GIVEN MATERIAL:
=== Begin Enclosure ===

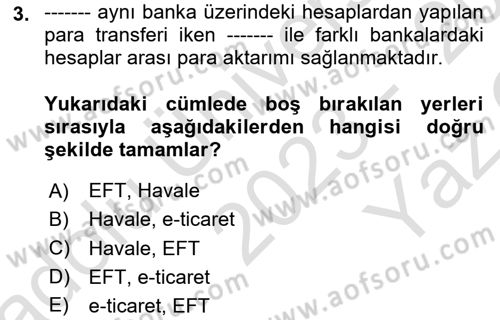Büro Teknolojileri Dersi 2023 - 2024 Yılı Yaz Okulu Sınav Soruları 3. Soru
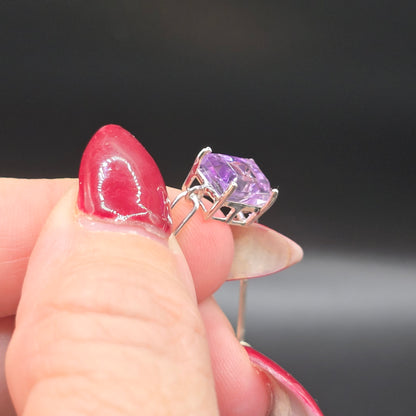 Amethyst Chain Link Bracelet | Sterling Silver (s925)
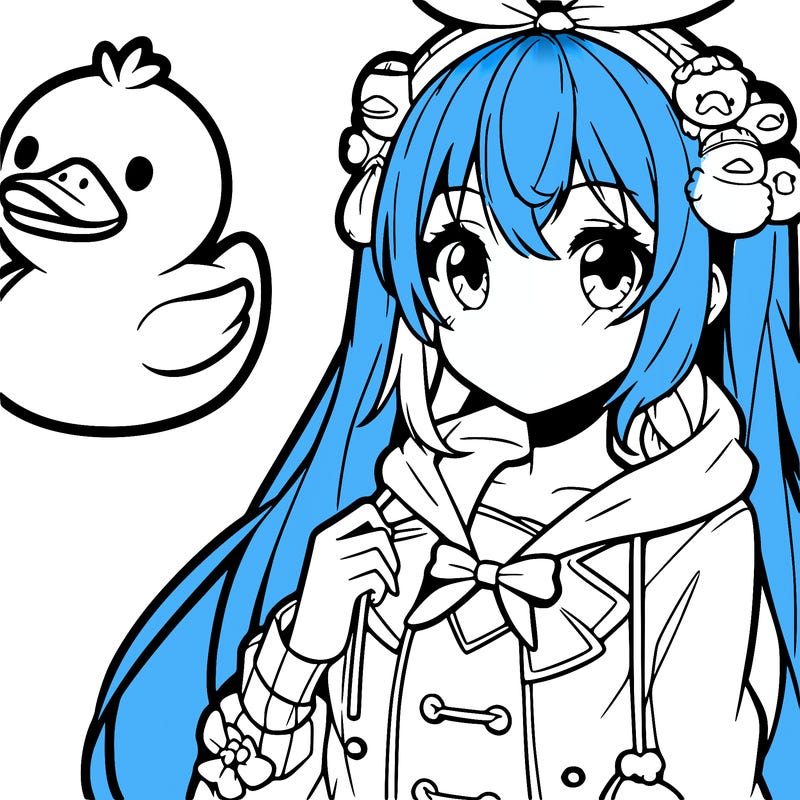 anime girl with duck accessories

=== End Enclosure ===

PROBLEM: Every line from the one with "Amethyst Chain Link" through the last line of the material gets printed exactly, and nothing more. Omit the pictures.

OUTPUT:
 Amethyst Chain Link Bracelet | Sterling Silver (s925)
 anime girl with duck accessories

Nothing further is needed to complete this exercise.